Problem details: Every entry below must be repeated exactly; skip the pictures.

Recorded information:
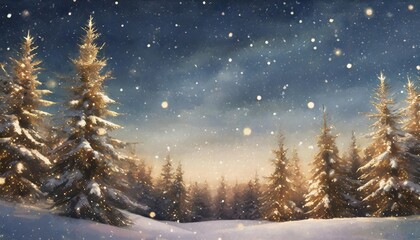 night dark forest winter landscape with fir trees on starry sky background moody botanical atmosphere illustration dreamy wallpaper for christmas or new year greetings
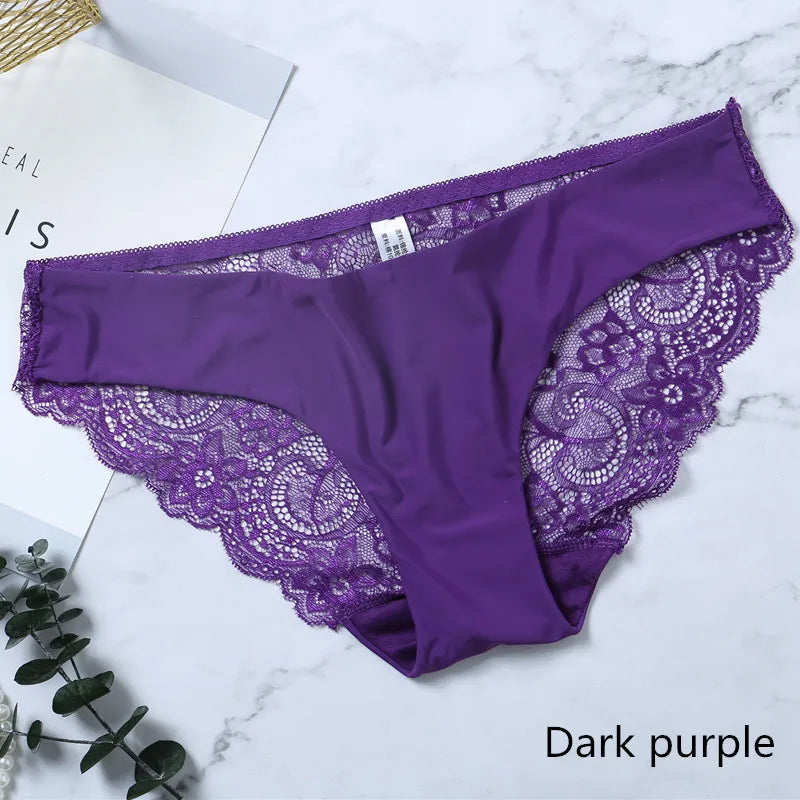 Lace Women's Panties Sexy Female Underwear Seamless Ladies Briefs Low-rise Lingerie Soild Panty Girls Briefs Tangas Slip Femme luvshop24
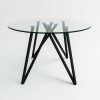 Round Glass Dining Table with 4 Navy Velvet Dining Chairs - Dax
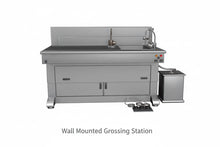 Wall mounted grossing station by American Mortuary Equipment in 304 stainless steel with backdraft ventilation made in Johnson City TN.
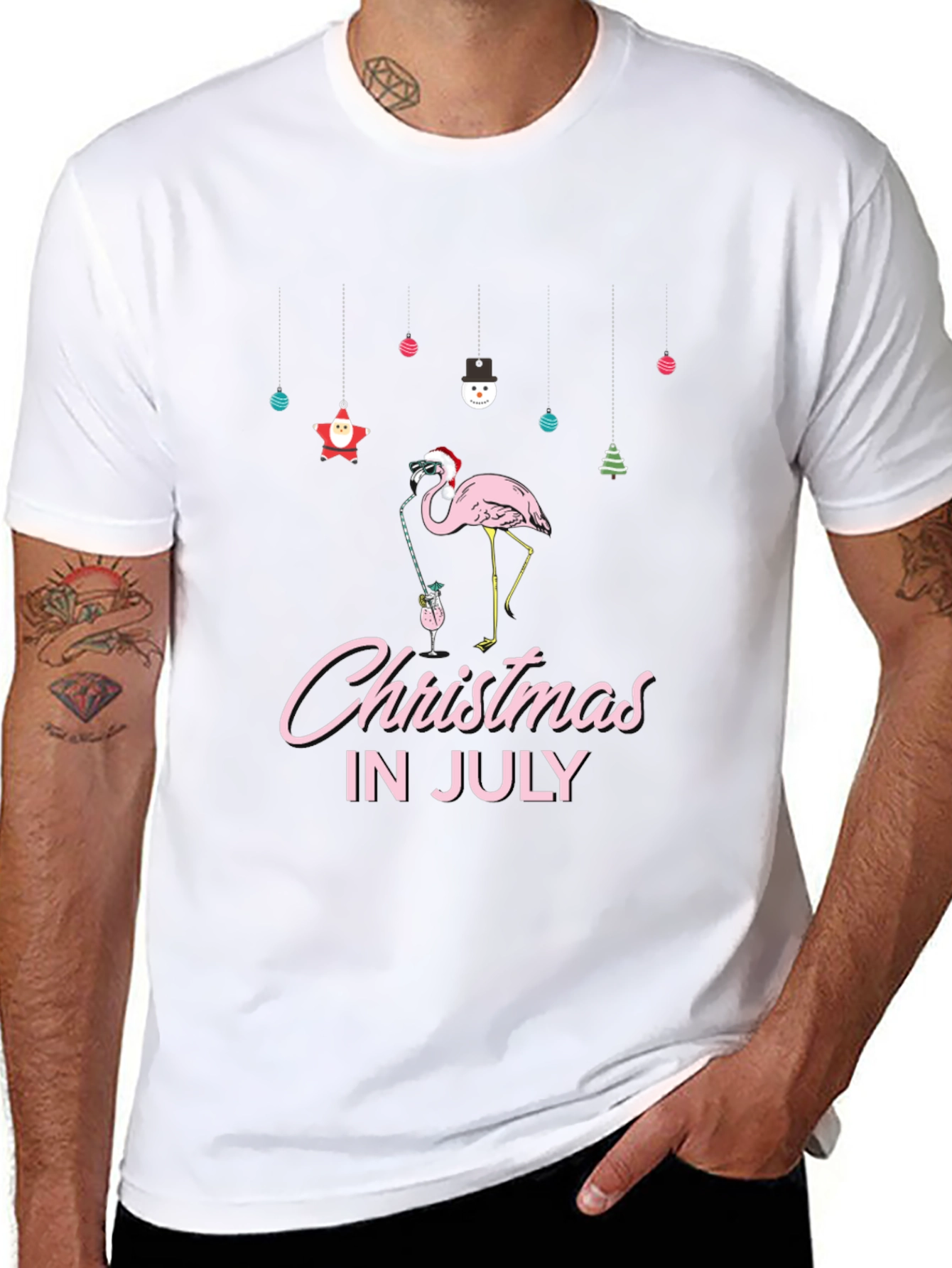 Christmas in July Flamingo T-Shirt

Solution:
 night dark forest winter landscape with fir trees on starry sky background moody botanical atmosphere illustration dreamy wallpaper for christmas or new year greetings
 Lace Women's Panties Sexy Female Underwear Seamless Ladies Briefs Low-rise Lingerie Soild Panty Girls Briefs Tangas Slip Femme luvshop24
 Round Glass Dining Table with 4 Navy Velvet Dining Chairs - Dax
 Wall mounted grossing station by American Mortuary Equipment in 304 stainless steel with backdraft ventilation made in Johnson City TN.
 Christmas in July Flamingo T-Shirt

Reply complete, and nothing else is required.